During the game, in addition to shots of fans fighting on the terraces, the camera kept cutting away to the Palace manager, Malcolm Allison – in the main stand due to a touchline ban – raising his ‘lucky fedora’ after each Palace goal. It was both a gimmick and a superstition following a Palace victory in an earlier round and so Allison, playing to the media, continued to wear it.
Yet the nature of the media coverage was also reflective of Allison’s career trajectory. As his biographer has noted, during this period, he made the transition from football man to ‘Big Mal’, the celebrity.
In the first part of his career, Allison had established a reputation as one of the most forward-thinking coaches in post-war British football. He had been a member of the West Ham Academy where players would discuss tactics at a local café, Cassettari, and was part of an emerging football technocracy.
Coaching was Allison’s calling. He regularly attended courses at Lilleshall and was highly regarded at the Football Association.
Malcolm Allison was a celebrity as well as a football manager.
Between 1965 and 1971, he formed a successful partnership with Joe Mercer at Manchester City, winning the league (1968), the FA Cup (1969) and the European Cup Winners’ Cup (1970). Allison had coveted the manager’s job, but when he took over in 1971, Man City were unable to replicate past successes.
Two years later, he swapped Maine Road for Selhurst Park.
Allison had also cultivated a reputation for maverick-like tendencies through the media. Most famously, he was a pundit on ITV’s 1970 World Cup panel, where he was unafraid to voice his opinions.

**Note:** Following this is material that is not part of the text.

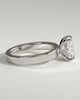 Kai - Elongated Cushion 4 Claw Solitaire with Flat Cigar Band and Hidden Halo Engagement Ring - 18k White Gold High Setting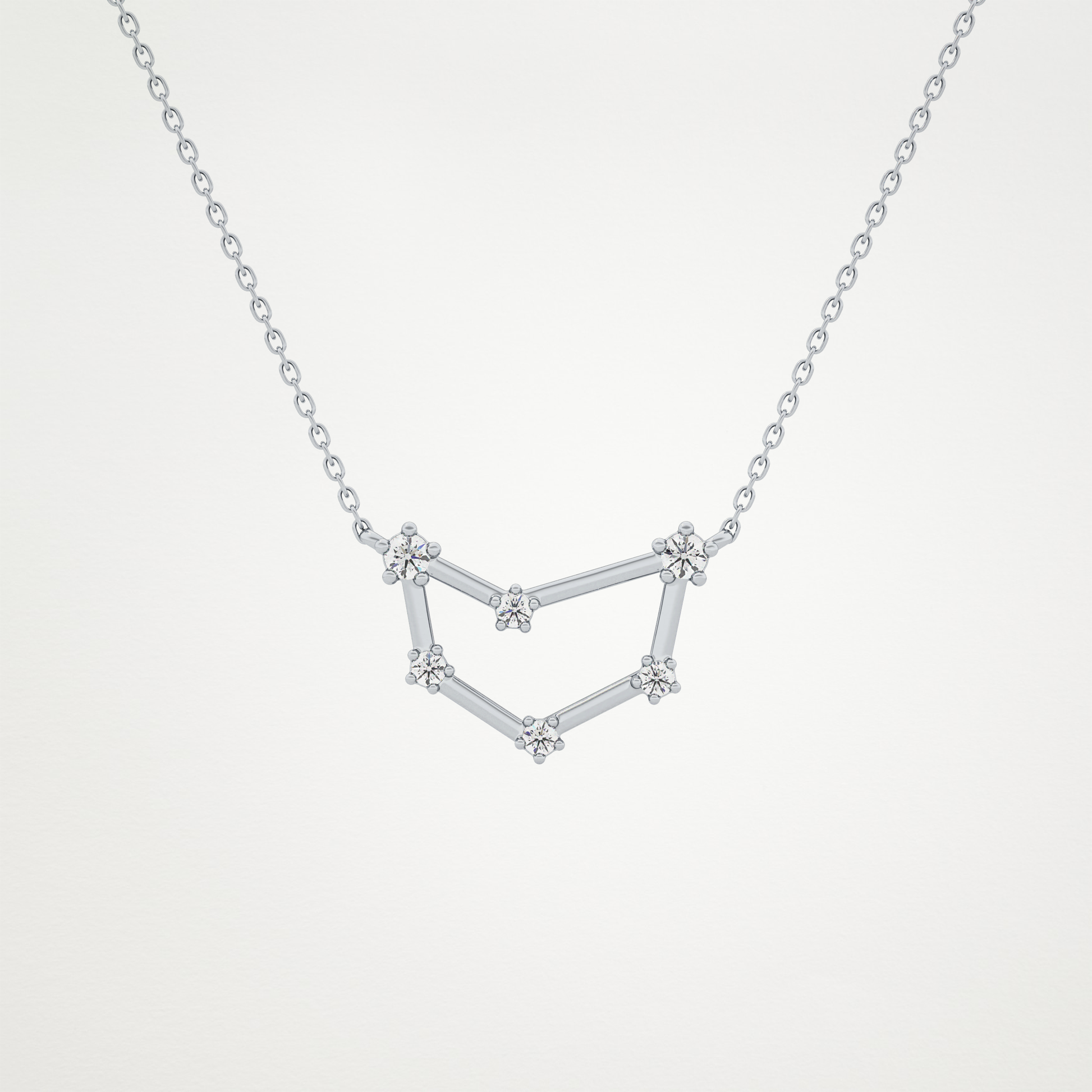 0.13 TCW Round Lab Grown Diamond Capricorn Zodiac Constellation Necklace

Following his departure from Man City, his managerial career was not only bound up with his colourful lifestyle, which became a magnet for the tabloid press, but it was also a peripatetic one and he never won another trophy in English football.
His appointment at Crystal Palace (1973-76) would be the first of 15 jobs over the next 15 years, including second spells at both Maine Road and Selhurst Park. Virtually every job was without success except for a brief spell in Portugal with Sporting Lisbon (1982-83), who won a league and cup double.
His final job was with Bristol Rovers in 1992/93.
Despite this lack of success, Allison's career reflected wider changes in the role of the football manager, in particular, the game’s ever-closer relationship with the media. Not only were the boundaries of sport and entertainment becoming increasingly blurred, but the growing media spotlight on managers also highlighted how the figure of the manager itself was gaining greater cultural legitimacy, and Allison had been at the centre of this relationship.